The Max Planck Florida Institute for Neuroscience is both the first overseas outpost of Germany’s illustrious Max Planck Society and a key building block of Florida’s emerging biotechnology economy.

The building—the Max Planck Society’s first non-European branch—provides a state-of-the-art home for neuroscience research in a setting best known for golf and beautiful beaches. It is set on the campus of Florida Atlantic University and adjacent to the new Scripps Research Institute. Together, the institutions form the nucleus of an emerging Palm Beach County life sciences community.

The gleaming facility was designed to serve as a recruitment magnet for top scientific researchers from around the world, to represent the Max Planck Society’s distinctive culture, and to provide highly flexible research space for a program that will evolve in response to the research interests of new recruits. 

Location

Jupiter, FL

Square Feet

101,060

Completion date

2012

Project Component

Architectural design

Interior design and space planning

Certifications

LEED Gold

Large expanses of interior glass bring natural light deep into the space and allow occupants to see the life of the building from all corners.

Interior wooden louvers throughout the public areas further moderate incoming light, adding to the play of light and shade.

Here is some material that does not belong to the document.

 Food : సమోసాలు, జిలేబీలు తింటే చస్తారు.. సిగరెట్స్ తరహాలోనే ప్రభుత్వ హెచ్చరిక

The building provides highly flexible laboratory space for scientists with diverse research interests who were recruited over a five-year growth period. Labs are equipped with flexible and removable benches that allow spaces to be configured as traditional wet bench space, open apparatus rooms, or dry research areas—and anything in between. Robust overhead service carriers with quick-connect fittings provide an extensive array of essential bench services and allow for rapid laboratory renovations without the involvement of specialty contractors. Specialized support suites accommodate microscopy, imaging, animal research, tissue culture, and custom apparatus fabrication, giving the institution flexibility to grow and evolve in unpredictable directions over time.

The facility is designed to foster a new community of scientists assembled from around the world. Laboratories are organized around an inviting social center that draws people together from throughout the building. On-site dining and recreational amenities provide the social magnets fundamental to community building; they are complemented by generous meeting and lounge spaces, lunch room and terrace, auditorium, dramatic entry atrium, and shaded outdoor gathering spots with fountains. Few spaces are fully enclosed; floor-to-ceiling glass walls allow open views throughout the building, while providing acoustical and environmental separation where they are needed.

Laboratory spaces are designed with adjustable, removable benches and open work areas that can be quickly reconfigured as new scientists are hired or research goals change.

The building was designed to serve as a compelling, all-inclusive scientific home with spectacular public spaces, amenities, and comprehensive conference facilities.

The LEED Gold building is among the most energy-efficient research buildings in South Florida. The exterior design strategy dramatically reduces cooling costs by limiting outside heat gain and controls electrical loads through well-managed natural daylighting. In addition to lowering energy use through highly efficient envelope design and advanced systems engineering, the building extracts substantial energy from its waste streams. Laboratory spaces are cooled with ‘cascading’ conditioned air that is first delivered to offices and public spaces. Enthalpy recovery systems capture and reuse energy from exhaust air, while humidity removed from fresh air intakes is reused as cooling tower water. The landscaping is irrigated with the city’s reclaimed water supply, with special care taken to select plants that thrive naturally in the sub-tropic environment.

"The knowledge that we will gain from the Max Planck Florida Institute will create a basis for revolutionary innovations - the foundation on which the world of tomorrow will be built."
Dr. Peter Gruss, Former President, Max Planck Society

Each of Max Planck Society's buildings convey a distinctive modern architectural vision: clean, crisp, highly rational, and free of superfluous elements.